1口飲んだだけなのに、あれだけ力が入らなかった身体が回復してしまったから。



がちゃっ


コウ「やっほ、みんな♪」

アズサ「・・・!
コウ・・・・・・もう、大丈夫・・・なの?」

コウ「うん、見ての通り。
ヒメ猫ちゃんのおかげだよ」

ユーマ「顔色もすっげー良いみたいだな・・・。
その様子だと相当吸ったんだろ、気絶させちまったのか?」

コウ「ううん、オレ的にはそんなに。
でも久々にお腹一杯だよ。
念には念を入れて、ヒメ猫ちゃんにはオレの部屋で休んでもらってるけどね」

ルキ「・・・そうか。
吸い終わった後は大丈夫だったのか?」

コウ「それがさ、ヒメ猫ちゃんてばほんっと変わってるって思っちゃったよ。
オレがヴァンパイアってだけで嫌う訳無い、だってさ。

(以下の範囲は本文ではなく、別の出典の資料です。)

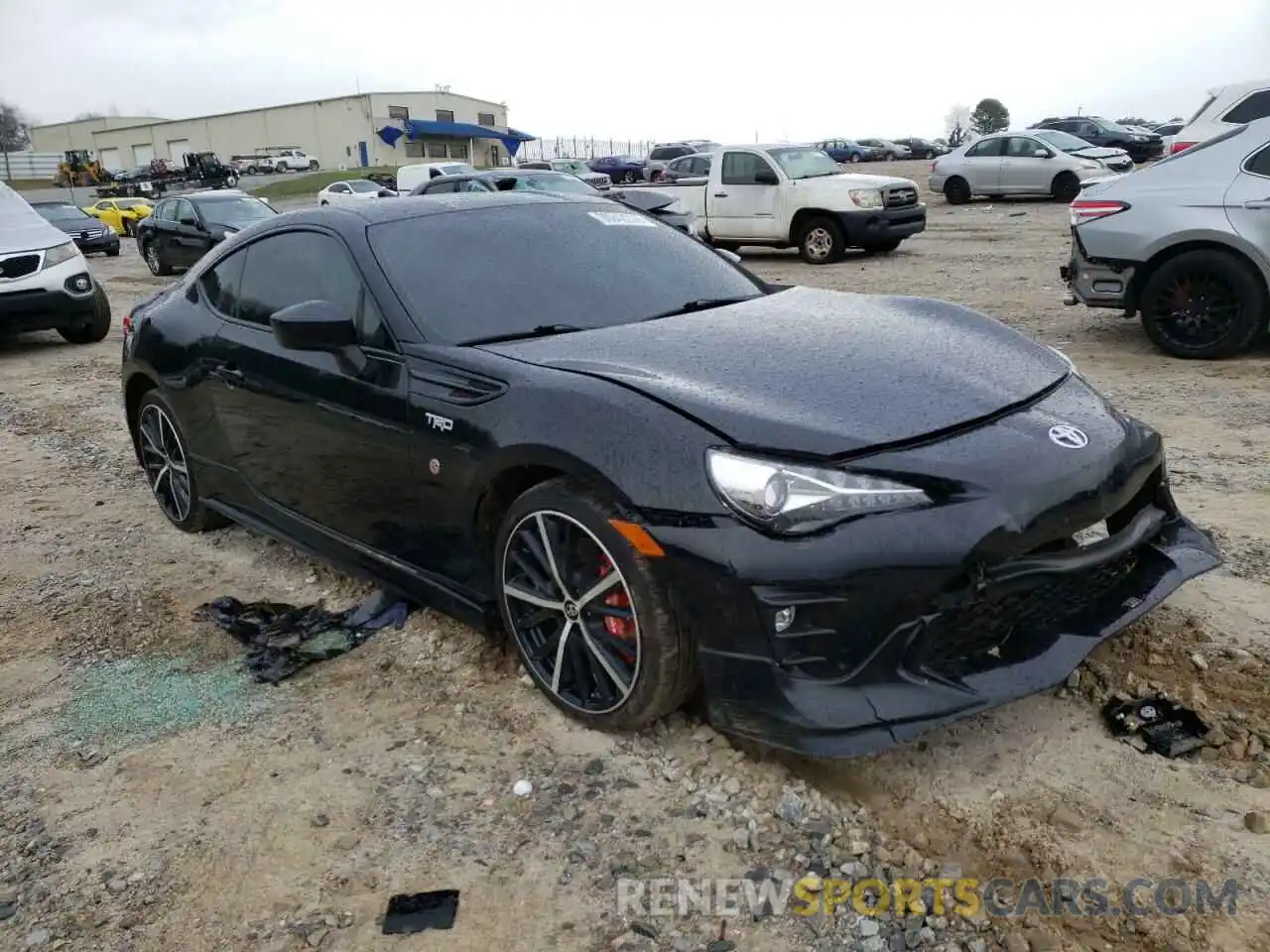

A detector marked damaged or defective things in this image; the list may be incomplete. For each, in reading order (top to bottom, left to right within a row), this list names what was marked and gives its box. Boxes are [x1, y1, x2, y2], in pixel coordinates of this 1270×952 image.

あーあ、心配して損しちゃったよー」

ユーマ「はあ?
なんだそりゃ・・・アタマ大丈夫なのかよ、イオって奴」

アズサ「コウに・・・血を、吸われすぎて・・・・・・おかしく・・・なっちゃった・・・?」

コウ「うーん、まあヒメ猫ちゃんって元々フツーの人間よりズレてるからね。
変わってるのがフツーだよ、あの子は」




そう、変わってるのが普通。


リビングに居たオレの兄弟にそう言えば、微妙に納得してる様子だった。


あの子と一緒に居ると、兄弟とは違った安心感を感じれる。

出会った当初からあんな感じだったし。
無愛想に見えて、かと思えば表情がコロコロ変わる。
掴みどころが解らない、だけど誰にでも接する性格。


一緒に居て飽きた事なんて無い。
見てて飽きない。


いつでもどこでも、自分に素直。


そんなヒメ猫ちゃんだから、オレも自然体で居られるんだ。